Nutanix announced their new Mine backup-as-a-service offering, with Veeam as the design partner, and with both companies looking to use it to enhance their place at the centre of their own ecosystems.
ANAHEIM – At the Nutanix. NEXT event here, the major new announcement was Nutanix Mine, a new backup-as-a-service offering which brings Nutanix into the secondary storage market within the hyper-converged space. While other backup vendors will also participate in the Mine offering with Nutanix, Veeam, as the original design partner, will have some advantages in the go-to-market motion, as well as advantages in time-to-market over all the other participating Nutanix vendor partners except HYCU. Veeam also plans to have the Nutanix partnership serve as the base to design their own SDK which will enable hardware vendors to design similar appliances using Veeam.
Veeam executed this strategy before, with vendors in the primary storage space.
“Six and a half years ago, we decided to work with what HPE was doing with 3PAR, and it took us a year to do that integration, manually,” said Ratmir Timashev, Veeam’s Co-Founder and Executive Vice President, Worldwide Sales and Marketing. “Then we spent a year doing another manual integration with EMC, and another year doing one with NetApp. By then, we had learned enough that we could create universal storage APIs, and we created an SDK, and 20 other partners manually integrated themselves. Now, we are using this same strategy on secondary storage.”
The name of the product, mutually agreed on by the two companies, is Nutanix Mine with Veeam. Both Nutanix and Veeam intend to use this collaboration to make themselves a stronger hub within their respective ecosystems.
Both ourselves and Nutanix have a similar idea of how the ecosystem around this will look,” Timashev said. “The difference is that in their view, they are in the middle of that ecosystem, and in our view, we are.”
Timashev said that while they talked with others about developing that secondary storage unified solution, Nutanix was able to make that commitment now.
“With Nutanix, we manually created that single solution, and we are also creating an SDK, which we expect will be quicker this time,” Timashev said. “We are working on another manual integration as well, with NetApp, and have already started the work. “We will become the aggregating system for the secondary storage. We will have a first mover advantage with Nutanix, and then we will be able to take the SDK and empower all other hardware manufacturers who will be able to create an appliance for Veeam.”
The design challenges with the Nutanix integration were not insignificant.
We had to do some engineering on the step-up side and also on the interface,” said Charu Madan, Senior Director, Global ISVs and Cloud at Veeam. “Building that management plane into Prism is what makes our integration with Prism so special.”
Veeam sees this improving their competitive positioning in two different spheres – against the hyperconverged backup vendors, Cohesity and Rubrik, and against conventional legacy backup solutions that some customers are looking to replace
“Cohesity and Rubrik only do 30 per cent of what we do but they come from the storage side and both complete successfully against us in some cases as a result,” Timashev said.

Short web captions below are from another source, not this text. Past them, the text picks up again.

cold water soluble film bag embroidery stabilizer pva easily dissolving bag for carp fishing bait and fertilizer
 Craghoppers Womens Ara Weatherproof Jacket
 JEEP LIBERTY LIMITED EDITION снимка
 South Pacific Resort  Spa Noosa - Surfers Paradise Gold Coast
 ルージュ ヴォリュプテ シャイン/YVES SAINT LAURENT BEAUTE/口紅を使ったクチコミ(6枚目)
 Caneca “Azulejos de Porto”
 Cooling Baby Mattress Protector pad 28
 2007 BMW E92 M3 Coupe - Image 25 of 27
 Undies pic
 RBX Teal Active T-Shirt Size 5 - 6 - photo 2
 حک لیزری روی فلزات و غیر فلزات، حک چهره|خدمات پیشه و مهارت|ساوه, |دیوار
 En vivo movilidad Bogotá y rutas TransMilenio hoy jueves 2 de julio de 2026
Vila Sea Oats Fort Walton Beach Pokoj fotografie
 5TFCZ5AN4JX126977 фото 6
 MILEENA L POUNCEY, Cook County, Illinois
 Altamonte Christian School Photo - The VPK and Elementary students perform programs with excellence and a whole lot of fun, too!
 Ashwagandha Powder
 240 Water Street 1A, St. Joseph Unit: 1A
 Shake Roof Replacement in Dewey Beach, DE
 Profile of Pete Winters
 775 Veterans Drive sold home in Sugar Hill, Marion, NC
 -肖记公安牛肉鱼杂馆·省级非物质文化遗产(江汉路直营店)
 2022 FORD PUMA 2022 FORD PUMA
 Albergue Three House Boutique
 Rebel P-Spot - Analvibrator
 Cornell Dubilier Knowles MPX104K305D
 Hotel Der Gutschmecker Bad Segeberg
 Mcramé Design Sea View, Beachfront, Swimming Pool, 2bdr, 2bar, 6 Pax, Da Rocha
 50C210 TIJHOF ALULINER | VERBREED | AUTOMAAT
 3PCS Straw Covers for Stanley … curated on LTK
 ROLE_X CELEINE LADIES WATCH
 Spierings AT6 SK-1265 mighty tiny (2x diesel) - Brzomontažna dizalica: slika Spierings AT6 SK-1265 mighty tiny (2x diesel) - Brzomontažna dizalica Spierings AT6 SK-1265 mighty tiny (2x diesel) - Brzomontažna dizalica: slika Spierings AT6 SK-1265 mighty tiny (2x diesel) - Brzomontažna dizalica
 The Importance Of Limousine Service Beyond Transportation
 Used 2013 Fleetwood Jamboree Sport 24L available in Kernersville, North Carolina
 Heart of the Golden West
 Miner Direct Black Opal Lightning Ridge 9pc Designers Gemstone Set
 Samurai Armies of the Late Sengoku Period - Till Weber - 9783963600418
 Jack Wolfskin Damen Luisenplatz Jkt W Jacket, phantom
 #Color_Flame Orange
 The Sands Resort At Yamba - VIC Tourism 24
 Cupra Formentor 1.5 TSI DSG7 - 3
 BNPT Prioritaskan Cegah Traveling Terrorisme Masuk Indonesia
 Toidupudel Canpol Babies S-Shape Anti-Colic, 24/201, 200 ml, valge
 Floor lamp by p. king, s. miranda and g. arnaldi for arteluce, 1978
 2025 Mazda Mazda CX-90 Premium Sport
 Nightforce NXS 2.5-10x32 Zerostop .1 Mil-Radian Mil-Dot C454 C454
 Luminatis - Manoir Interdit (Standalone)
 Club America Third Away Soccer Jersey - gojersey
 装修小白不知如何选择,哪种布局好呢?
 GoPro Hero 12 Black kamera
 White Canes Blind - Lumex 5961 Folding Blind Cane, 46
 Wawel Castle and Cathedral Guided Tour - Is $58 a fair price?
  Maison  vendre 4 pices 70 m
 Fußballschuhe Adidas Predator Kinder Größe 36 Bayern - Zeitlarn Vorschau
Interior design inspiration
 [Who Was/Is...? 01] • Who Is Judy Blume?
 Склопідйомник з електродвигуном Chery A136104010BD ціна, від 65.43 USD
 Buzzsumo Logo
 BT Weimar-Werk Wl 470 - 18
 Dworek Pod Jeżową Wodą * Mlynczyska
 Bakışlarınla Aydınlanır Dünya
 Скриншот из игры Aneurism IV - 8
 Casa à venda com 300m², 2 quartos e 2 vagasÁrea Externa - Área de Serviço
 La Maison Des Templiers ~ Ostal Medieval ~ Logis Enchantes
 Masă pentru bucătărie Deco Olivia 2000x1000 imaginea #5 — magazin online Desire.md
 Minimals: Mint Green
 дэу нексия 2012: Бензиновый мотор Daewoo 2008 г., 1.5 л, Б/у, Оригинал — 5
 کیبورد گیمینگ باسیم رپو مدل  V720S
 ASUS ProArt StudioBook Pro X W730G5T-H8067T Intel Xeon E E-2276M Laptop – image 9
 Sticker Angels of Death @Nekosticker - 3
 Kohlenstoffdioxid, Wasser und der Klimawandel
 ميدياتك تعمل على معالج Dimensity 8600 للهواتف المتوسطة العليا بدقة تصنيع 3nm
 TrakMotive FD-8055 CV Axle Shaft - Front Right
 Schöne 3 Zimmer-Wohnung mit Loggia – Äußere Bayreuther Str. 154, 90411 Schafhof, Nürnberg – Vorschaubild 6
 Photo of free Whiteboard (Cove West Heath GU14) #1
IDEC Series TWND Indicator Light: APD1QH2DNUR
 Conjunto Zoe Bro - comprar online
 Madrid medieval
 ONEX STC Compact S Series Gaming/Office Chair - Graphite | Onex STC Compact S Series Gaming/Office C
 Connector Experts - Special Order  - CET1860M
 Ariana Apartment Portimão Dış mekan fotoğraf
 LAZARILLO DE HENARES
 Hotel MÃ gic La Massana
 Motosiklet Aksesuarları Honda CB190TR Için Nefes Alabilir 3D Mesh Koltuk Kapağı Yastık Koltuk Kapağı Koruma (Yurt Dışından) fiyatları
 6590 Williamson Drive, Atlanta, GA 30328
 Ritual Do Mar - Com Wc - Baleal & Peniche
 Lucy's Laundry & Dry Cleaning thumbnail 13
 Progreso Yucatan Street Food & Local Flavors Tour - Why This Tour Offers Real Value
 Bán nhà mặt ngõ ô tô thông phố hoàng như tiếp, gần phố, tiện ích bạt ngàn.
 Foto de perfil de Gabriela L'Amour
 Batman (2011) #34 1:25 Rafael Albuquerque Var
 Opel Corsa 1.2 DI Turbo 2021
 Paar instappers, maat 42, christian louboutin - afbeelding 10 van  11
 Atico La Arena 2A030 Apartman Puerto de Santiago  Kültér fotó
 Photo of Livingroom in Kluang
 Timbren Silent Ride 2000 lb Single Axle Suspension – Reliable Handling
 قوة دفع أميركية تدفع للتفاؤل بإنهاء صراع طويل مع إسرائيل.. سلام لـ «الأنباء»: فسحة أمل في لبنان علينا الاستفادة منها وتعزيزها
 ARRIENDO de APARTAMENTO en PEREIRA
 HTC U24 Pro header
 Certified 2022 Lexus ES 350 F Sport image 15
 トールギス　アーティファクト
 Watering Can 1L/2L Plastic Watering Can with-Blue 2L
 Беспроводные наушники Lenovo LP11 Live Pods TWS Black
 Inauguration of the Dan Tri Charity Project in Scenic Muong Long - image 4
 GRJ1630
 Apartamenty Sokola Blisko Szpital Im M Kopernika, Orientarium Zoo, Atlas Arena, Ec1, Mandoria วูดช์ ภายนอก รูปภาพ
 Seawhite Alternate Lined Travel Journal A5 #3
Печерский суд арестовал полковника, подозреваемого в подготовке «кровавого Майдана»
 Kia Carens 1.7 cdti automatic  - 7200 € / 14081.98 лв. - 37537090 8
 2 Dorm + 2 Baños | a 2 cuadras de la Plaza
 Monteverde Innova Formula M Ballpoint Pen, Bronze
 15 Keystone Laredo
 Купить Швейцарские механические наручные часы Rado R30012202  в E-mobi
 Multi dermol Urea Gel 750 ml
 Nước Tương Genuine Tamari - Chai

“This helps us compete against Rubrik and Cohesity,” said Carey Stanton, VP Global Business and Corporate Development at Veeam. “This partnership with Nutanix creates a strong hyper-converged play. That hyper-converged aspect also helps us in situations where the customer is looking to replace Data Domain, in particular.”
Nutanix receives significant benefits as well, Madan stated.
“Where customers have both Nutanix and Veeam today, Nutanix has been used just for the primary storage, not the target,” she said. “Now they benefit from this, and we go along for the ride.”
That ride will also bring some go-to-market advantages for Veeam compared to other backup vendors who work with Nutanix around Mine.
“They will integrate with all the others, but they will only resell Veeam,” Timashev said. “For us, they have one purchase orders, and for the others, the partner will have two.”
“We emphasized we would never actually sell the hardware ourselves,” said Stanton said. “It’s really about the go-to-market and simplification of the order and fulfilment processing which is unique to us. We make it operationally easier to purchase and procure, and technologically we make it easy to deploy.”
Nutanix and Veeam are currently beta testing the new product
“We have had great feedback from the two beta customers involved,” Stanton stated.